Nothing but the lines below, from the first through the line containing "And friends, if", should be set down, each one exactly and without pictures.

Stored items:
····················

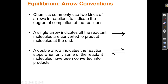So the equilibrium arrow with A plus B and C plus D indicates that when the reaction is finished, A plus B is still becoming C plus D, and C plus D reacts to go backwards and become A plus B. Both directions are occurring simultaneously.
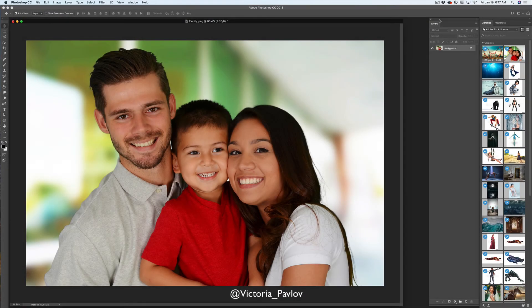Hello guys, my name is Victoria Pavlov. I'm the Photoshop Artist and today I will show you how we can exchange the background of our image in Adobe Photoshop CC. I will be using images I downloaded and licensed from Adobe Stock, also Adobe Photoshop CC 2018 and my Wacom tablet. So guys, let's start.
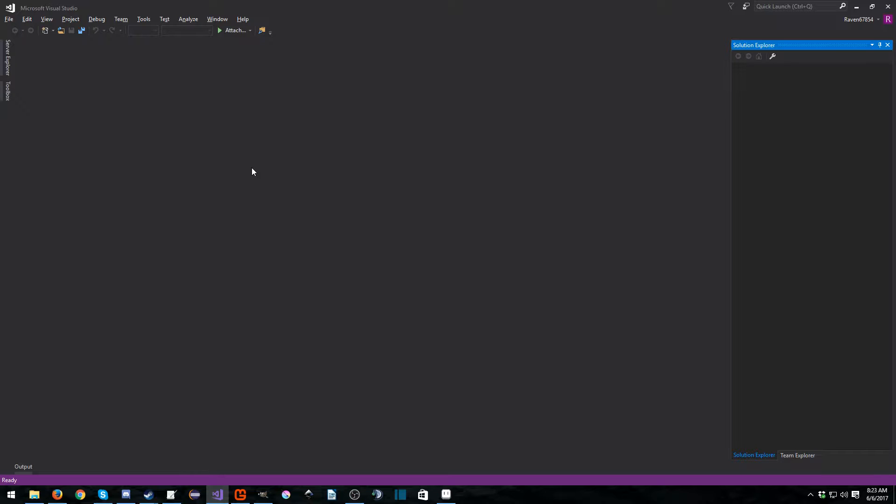Hello everyone, my name is Raven and welcome to Raven67854Gaming and welcome back to another MonoGame micro tutorial series. In this tutorial series we are going to look at learning how to draw text to the screen.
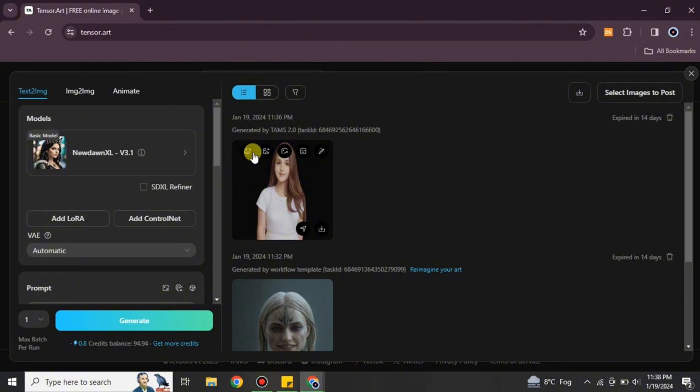That's how you can do image-to-image on Tensor Art. Simply choose Image to Image, add any image as a reference, select a model, enter your prompt and negative prompt, explore other settings, and click Generate. It will take a minute or a few seconds, and then your AI-generated image will appear. You can create as many images as you'd like using any reference image of your choice.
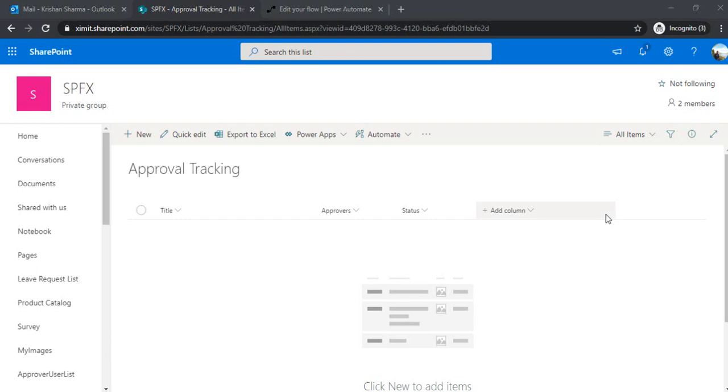Hi, welcome back to the channel. In today's session, we are going to learn how we can create the approval flow along with the reminders. So if some person is not taking any action on his or her task, then that person should be receiving the periodic reminders to take the action on the task.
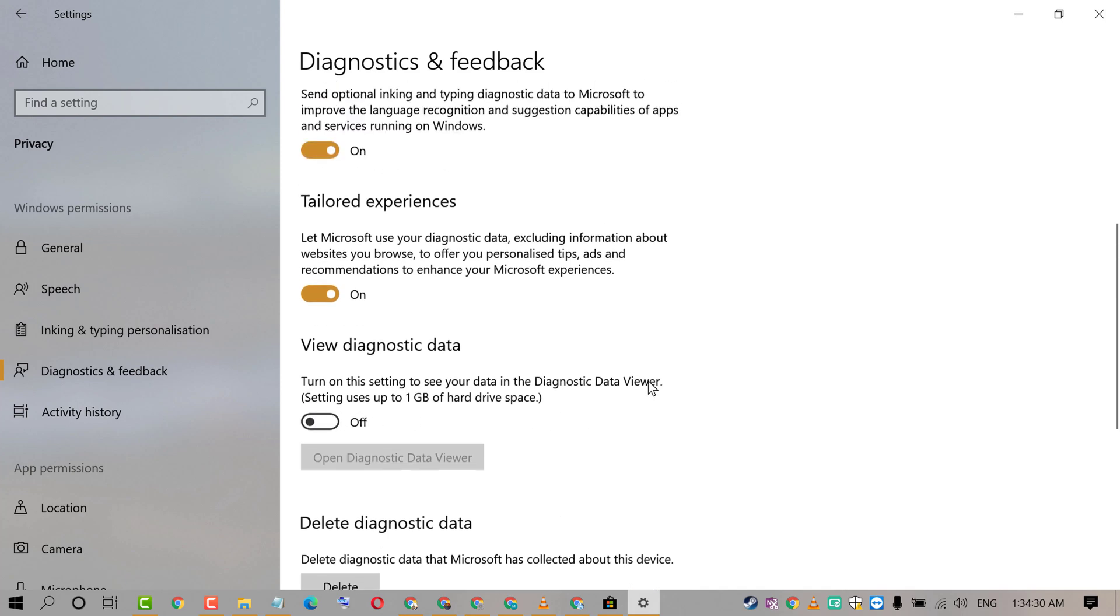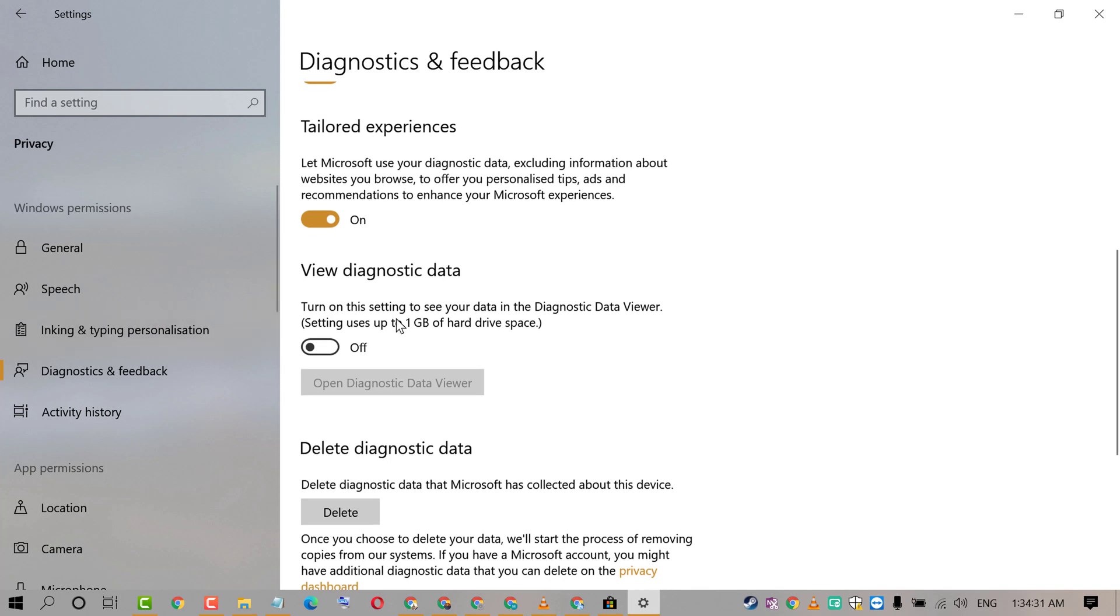And friends, if you turn off this Diagnostic Data Viewer, you will save some space on your hard drive.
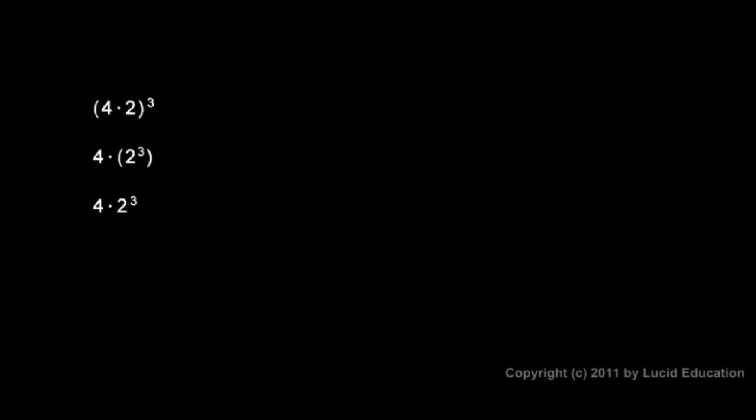These three examples are all related. You see the same numbers appearing in each problem. There's a 4, and there's a multiplication, and a 2, and then there's an exponent of 3 in every single problem. But each one is a little bit different. There are different parentheses in the first two, and no parentheses in this one. We'll work them each out and see how they're different.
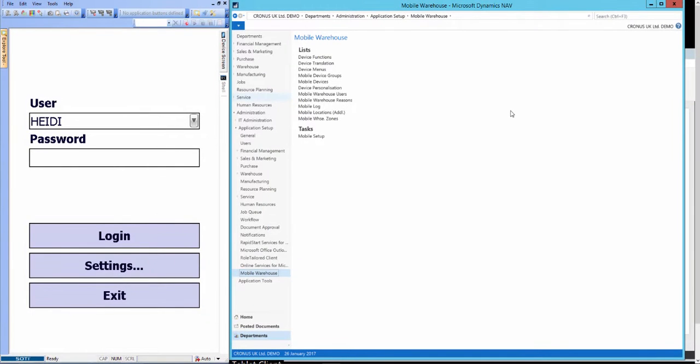Welcome to this video demonstrating Dynamics Edition's handheld for warehousing. Today I have the developer of this edition with me who's going to explain the aim of the day. My name is Heidi and I'm the developer of Dynamics Edition's handheld for warehousing. I'm going to do a bit of a show and tell and explain some of the concepts behind the design decisions that we made with the product.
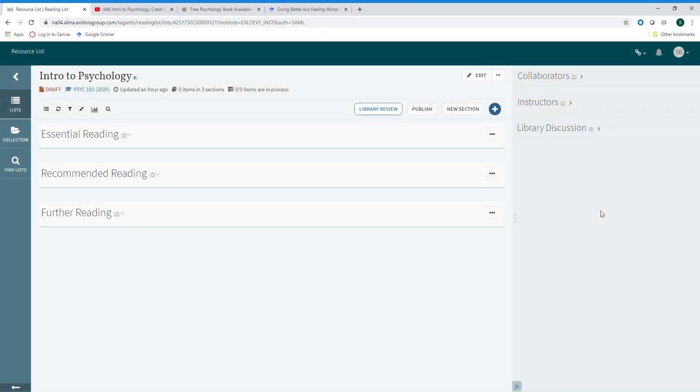The internet is an amazing place full of great content for courses. What is not amazing is finding all of that great content and then having to copy and paste a thousand URLs into your learning management system. The resource list tool makes it easy with CiteIt.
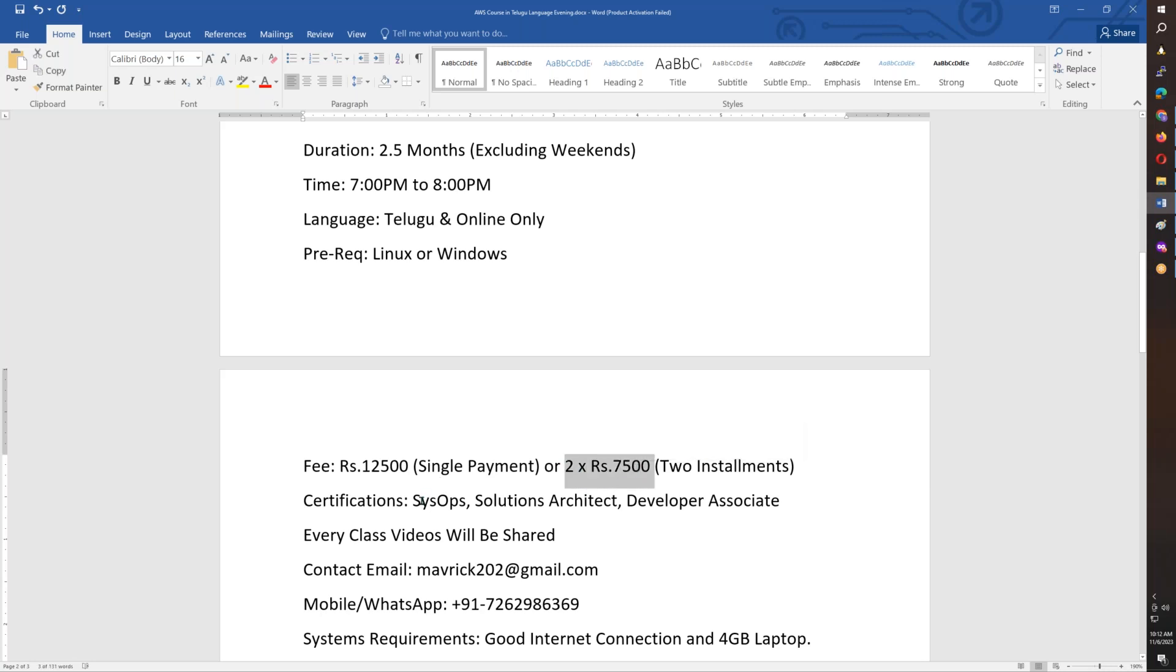Looking at certifications, you have AWS Certified SysOps, Solutions Architect, and Developer Associate.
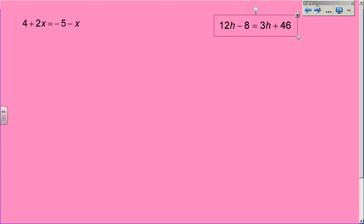So the first example is 4 plus 2x equals negative 5 minus x. There are lots of ways to start these problems, but what I always do — step one — is get all of my variables together on the same side. It does not matter whether it's the left side or the right side. For this first problem, I'm going to get rid of this minus x and put it on this side with this x.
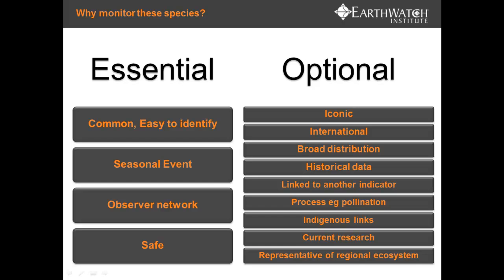You don't have to get into dangerous locations and you're not trying to record on dangerous species like snakes. Some of the optional selection criteria include plants and animals that are iconic — for example, the Australian magpie. We've also included international species because data has been collected around the globe on the phenology of plants, and many of these plants are actually planted in urban environments in Australia. Similar to the observer network criterion, we've gone for species with a broad distribution so we can compare what is happening at different latitudes. Species with historical data have also been prioritised — many of the birds were selected based on the historical data available for them.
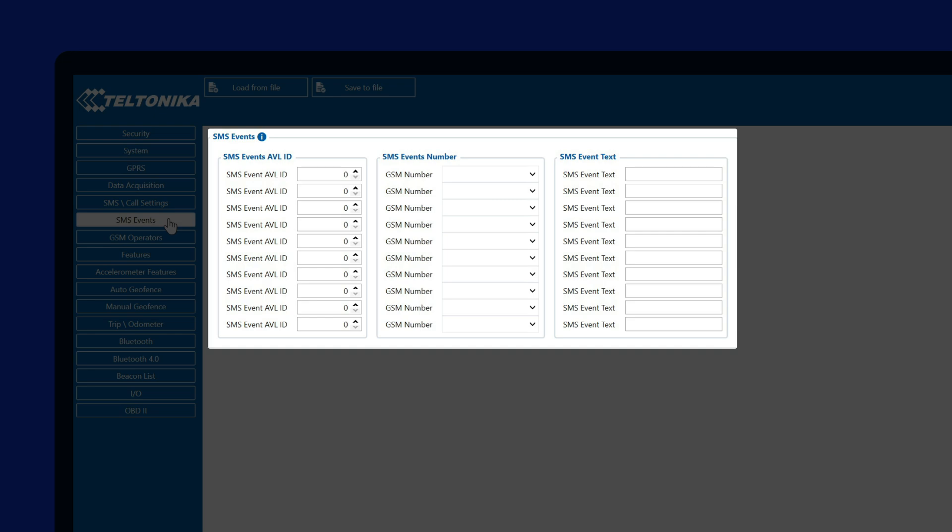This is useful in case you want to get notified about certain events that you can configure in the IO, CAN, OBD, and other tabs. The AVL ID that you would need to enter here can be found on our wiki page.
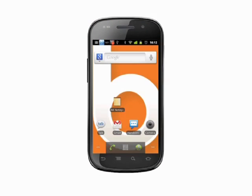Hi, this is Andrew Moore Crispin with your Butterscotch.com tutorial on using your Android phone. Today we're going to take a look at the Android software keyboard settings.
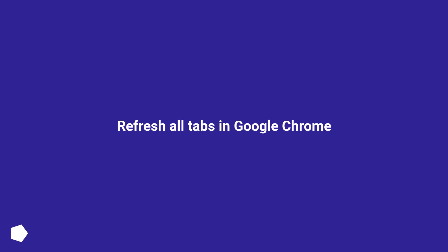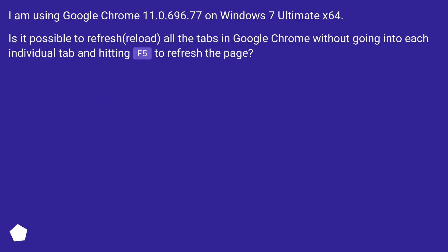Refresh all tabs in Google Chrome. I am using Google Chrome 11.0.696.77 on Windows 7 Ultimate x64. Is it possible to refresh or reload all the tabs in Google Chrome without going into each individual tab and hitting F5 to refresh the page?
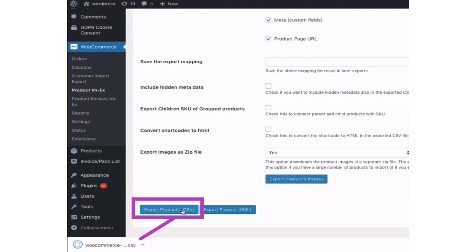That file can be imported to another site or wherever you want it to be. So that's how you export WooCommerce products to CSV files.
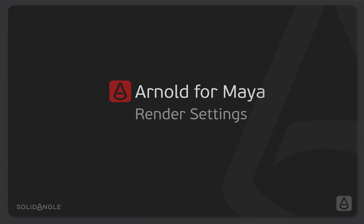Hi, I'm Ben Greasley and in this video we're going to look through some of Arnold's main render settings. We're going to look through the sampling settings and the ray depth settings and a few other controls that help us get high quality images from Arnold. The first thing we're going to look at are the sampling settings and how we are able to use these to control the quality and render time we get from Arnold.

····················

- EXPECTED OUTPUT
So the equilibrium arrow with A plus B and C plus D indicates that when the reaction is finished, A plus B is still becoming C plus D, and C plus D reacts to go backwards and become A plus B. Both directions are occurring simultaneously.
Hello guys, my name is Victoria Pavlov. I'm the Photoshop Artist and today I will show you how we can exchange the background of our image in Adobe Photoshop CC. I will be using images I downloaded and licensed from Adobe Stock, also Adobe Photoshop CC 2018 and my Wacom tablet. So guys, let's start.
Hello everyone, my name is Raven and welcome to Raven67854Gaming and welcome back to another MonoGame micro tutorial series. In this tutorial series we are going to look at learning how to draw text to the screen.
That's how you can do image-to-image on Tensor Art. Simply choose Image to Image, add any image as a reference, select a model, enter your prompt and negative prompt, explore other settings, and click Generate. It will take a minute or a few seconds, and then your AI-generated image will appear. You can create as many images as you'd like using any reference image of your choice.
Hi, welcome back to the channel. In today's session, we are going to learn how we can create the approval flow along with the reminders. So if some person is not taking any action on his or her task, then that person should be receiving the periodic reminders to take the action on the task.
And friends, if you turn off this Diagnostic Data Viewer, you will save some space on your hard drive.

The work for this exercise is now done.